Lord President—It is not very easy for a Judge sitting in this Court to place himself in the position of a Sheriff sitting in the Small Debt Court or in the Court called the Debts Recovery Court, and I daresay one's first inclination is to think that the Sheriffs go too fast and do not give sufficient indulgence to the parties. I am always inclined, whenever there is the least appearance of a litigant having been taken up too sharply, to restore him if possible to his rights; and certainly there is at first sight the appearance of undue haste here in the case of a man defending himself without legal advice. If it had appeared that the appellant was so poor a man as not to be able to afford legal advice, that would have made the case the stronger. But nothing of that sort appears here. We must assume that the appellant is a man of means, for he has sent his son to school at a considerable cost. He was surely able to employ a law-agent. But he did not choose to do so, until after the case had been decided against him; and the question is, whether there has been such injustice done that we can upset the Sheriff's judgment? I am not inclined to think that there is. If an account in the Small Debt Court appears on the face of it to be prescribed under the statute, I am of opinion that it is the duty of the judge to give effect to the objection whether it is pleaded or not, because in that Court parties are not entitled to the protection of an agent against their own ignorance of law. But that is not the case in the Debts Recovery Court, for there parties can have law-agents, and, as I said before, the appellant here was able to employ an agent. I think, therefore, he must take the consequences of his own neglect. And I am the more ready to come to this conclusion from the consideration that it appears to me that it would be very difficult to sustain the plea of prescription which the appellant now puts forward. There is one item indeed—for board and washing—which is subject to prescription, but as regards the others they appear to be small cash advances, as to which it is, to say the least, doubtful whether they are prescribed.

On the whole matter, therefore, I think that we should dismiss the appeal and let the Sheriff's interlocutor stand.

Lord Mure—I concur. The cases on which the appellant founds were cases in which the parties could not have the benefit of legal advice. Here the appellant is a man of means, who was entitled to have the advice of an agent. I am not prepared to extend the rule laid down in the Small Debt Court cases to cases like the present.

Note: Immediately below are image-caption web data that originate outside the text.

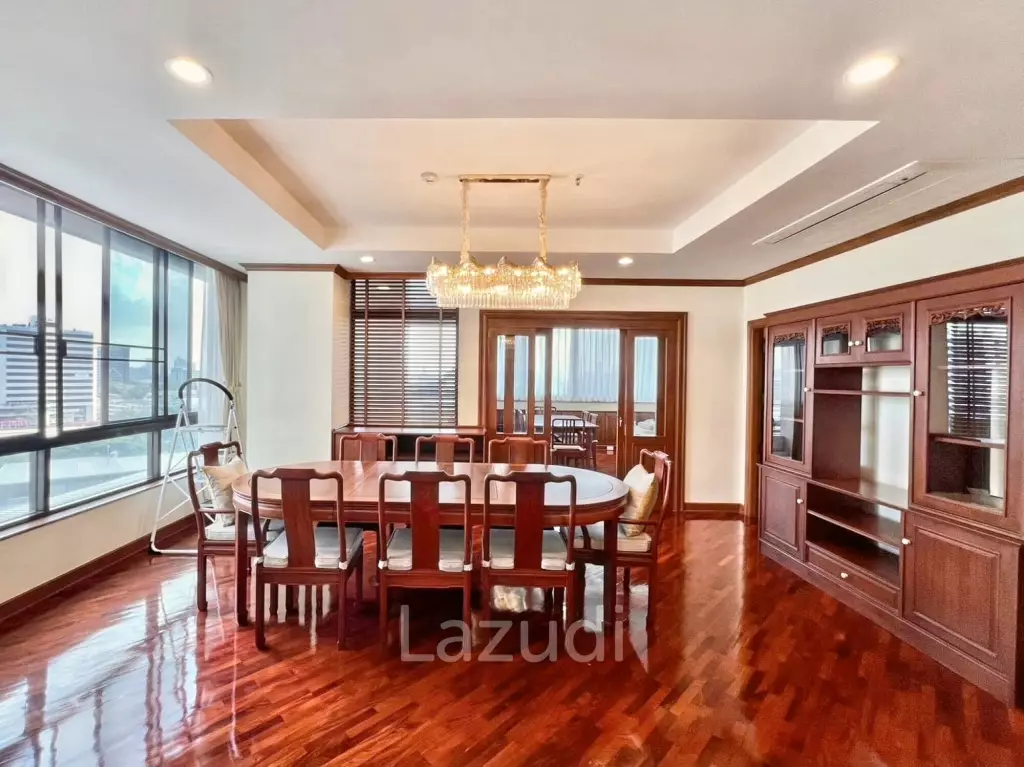 3 Bedroom 4 Bathroom 320 SQ.M at Ruamsuk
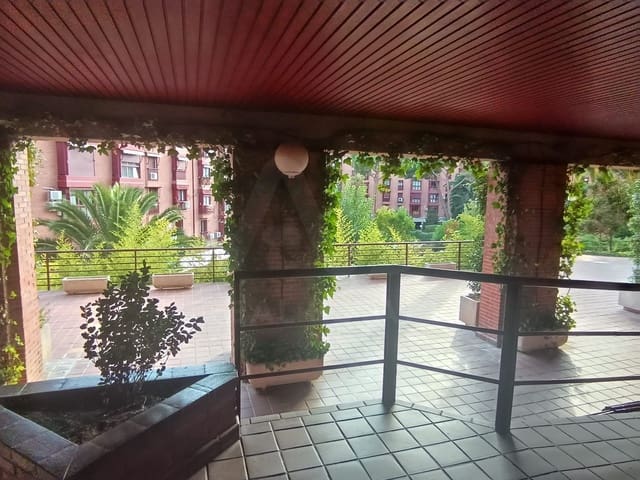 Lägenhet till salu i Acacias, Madrid stad - 25 000 € (Ref: 10135123)
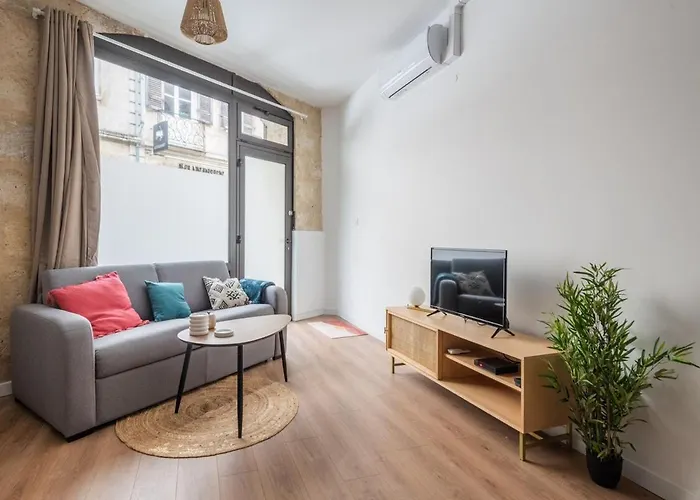 Cocon Avec Jacuzzi - Centre *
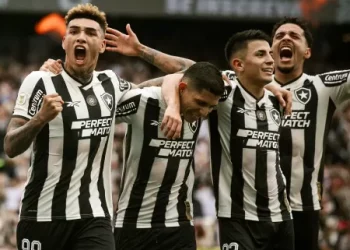 É tri! Botafogo vence o São Paulo e conquista o Brasileirão após 29 anos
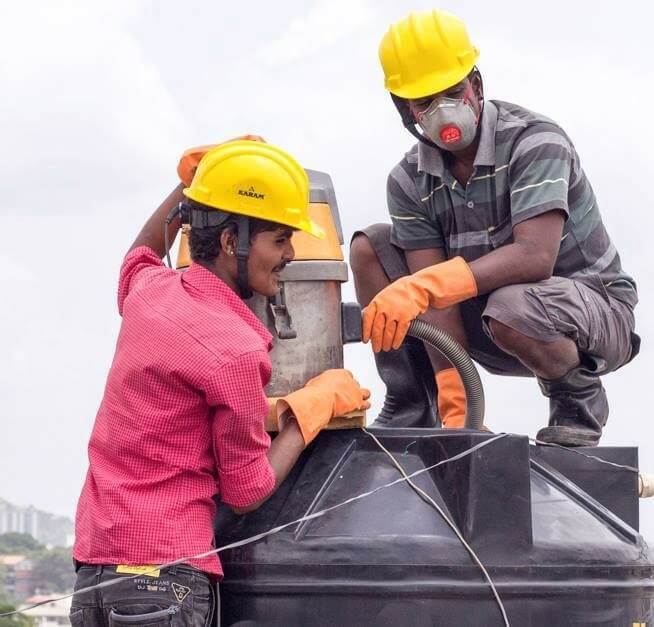 تنظيف خزان الماء من الطحالب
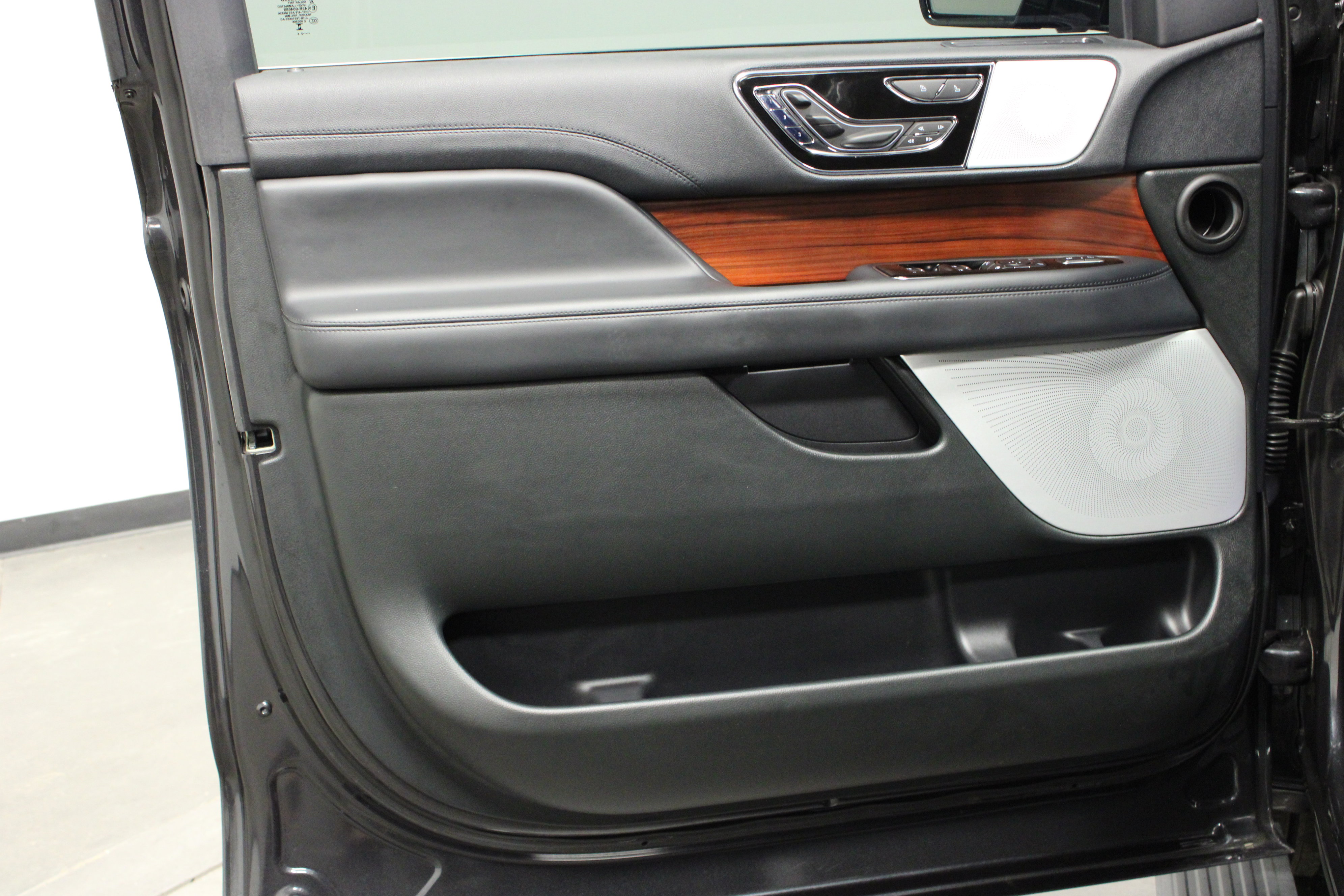 Used 2024 Lincoln Navigator Reserve AWD/4WD image 22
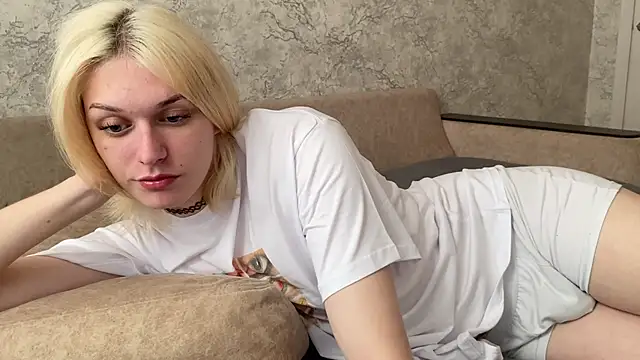 evelina228 online show from 09-29-25, 06:53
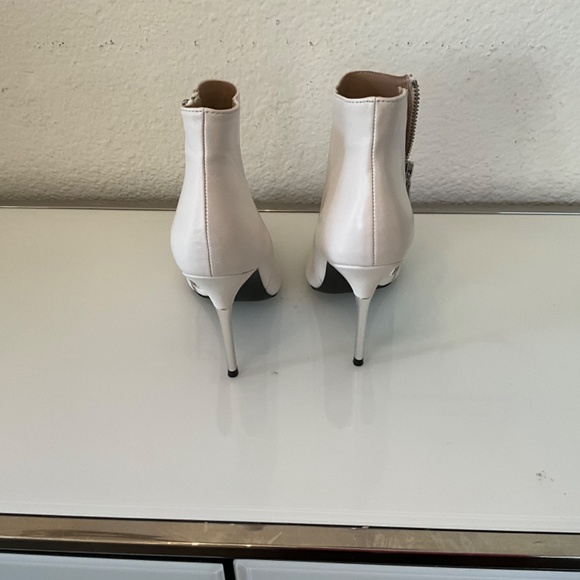 NWOB Steve Madden DANYA white leather bootie  boots♥️😍😍😍 size 8 - Picture 4 of 15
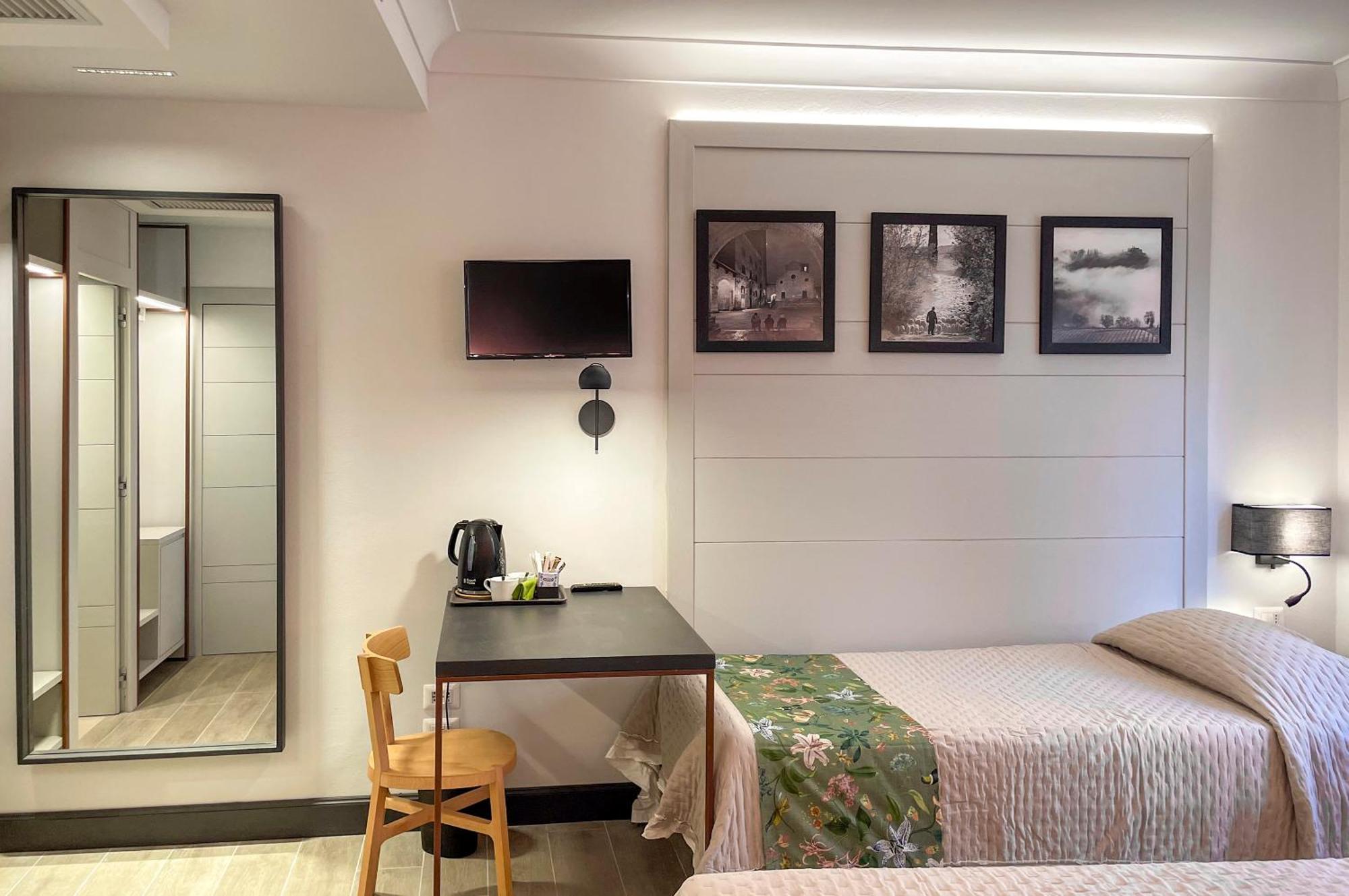 סן ג'ימיניאנו Duccio Nacci Rooms- Guesthouse מראה חיצוני תמונה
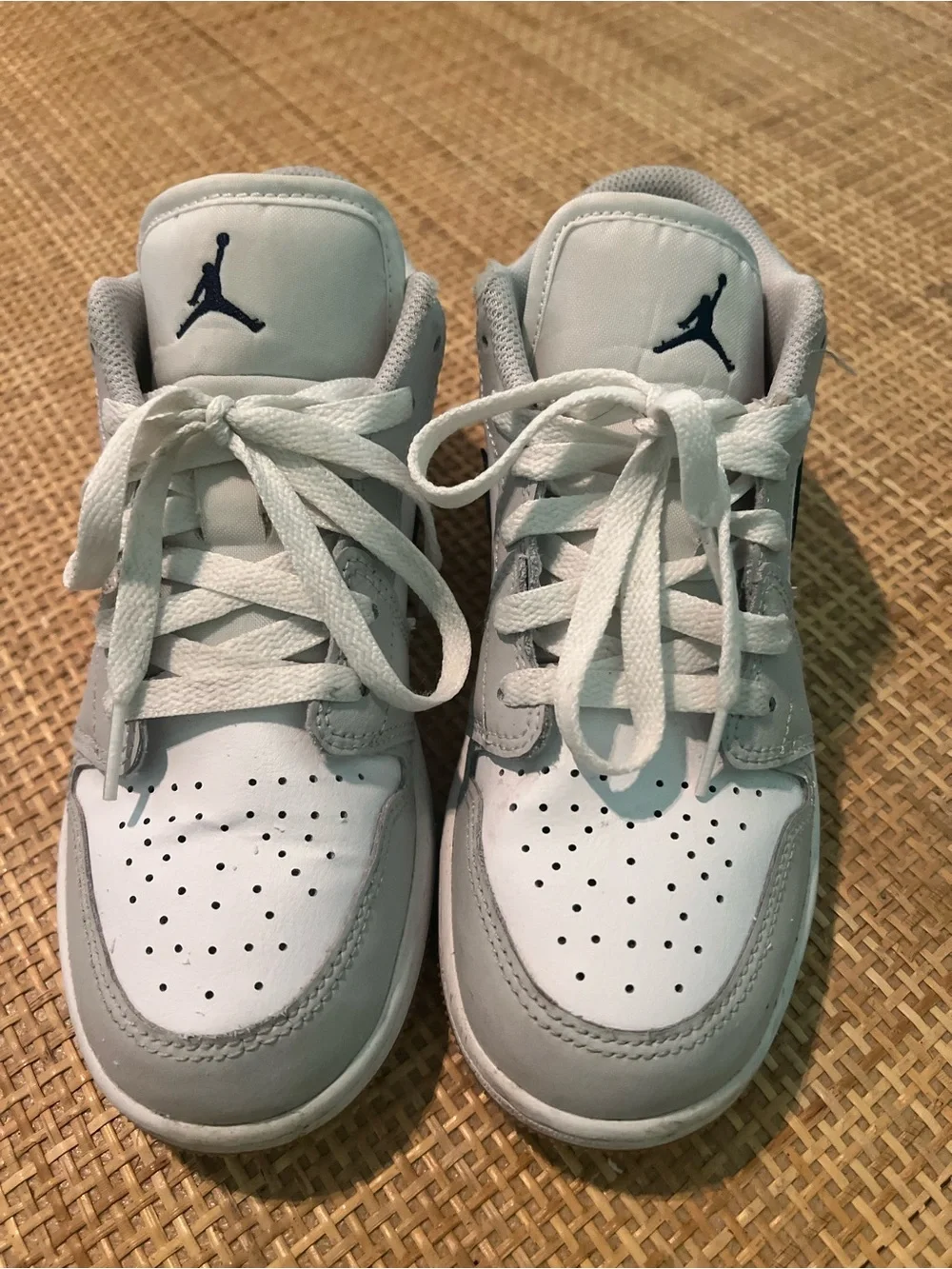 Nike Kids Low-Top Sneakers in White, Light Gray and Navy Blue Swoosh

Lord Curriehill—There is a clear distinction between cases under the Small Debt Act and cases like the present. In the Small Debt Court most cases, as your Lordships are aware, are disposed of at one diet. There is usually no chance of a second appearance. Here, on the other hand, the defender appeared and pleaded that the debt was paid. The Sheriff-Substitute noted that plea, and appointed the case to be tried on a subsequent day; so that the defender had thus two opportunities of informing himself as to the facts and the law, and he did not avail himself of them. I also agree that this is not a case to which prescription clearly applies. There was, therefore, no obligation on the Sheriff-Substitute to notice that plea of his own motion.

Lord Deas and Lord Shand were absent.

The Court adhered.

Counsel:

Counsel for Appellant— M'Kechnie. Agent— William Black, S.S.C.

Counsel for Respondent— Strachan. Agents— Davidson & Syme, W.S.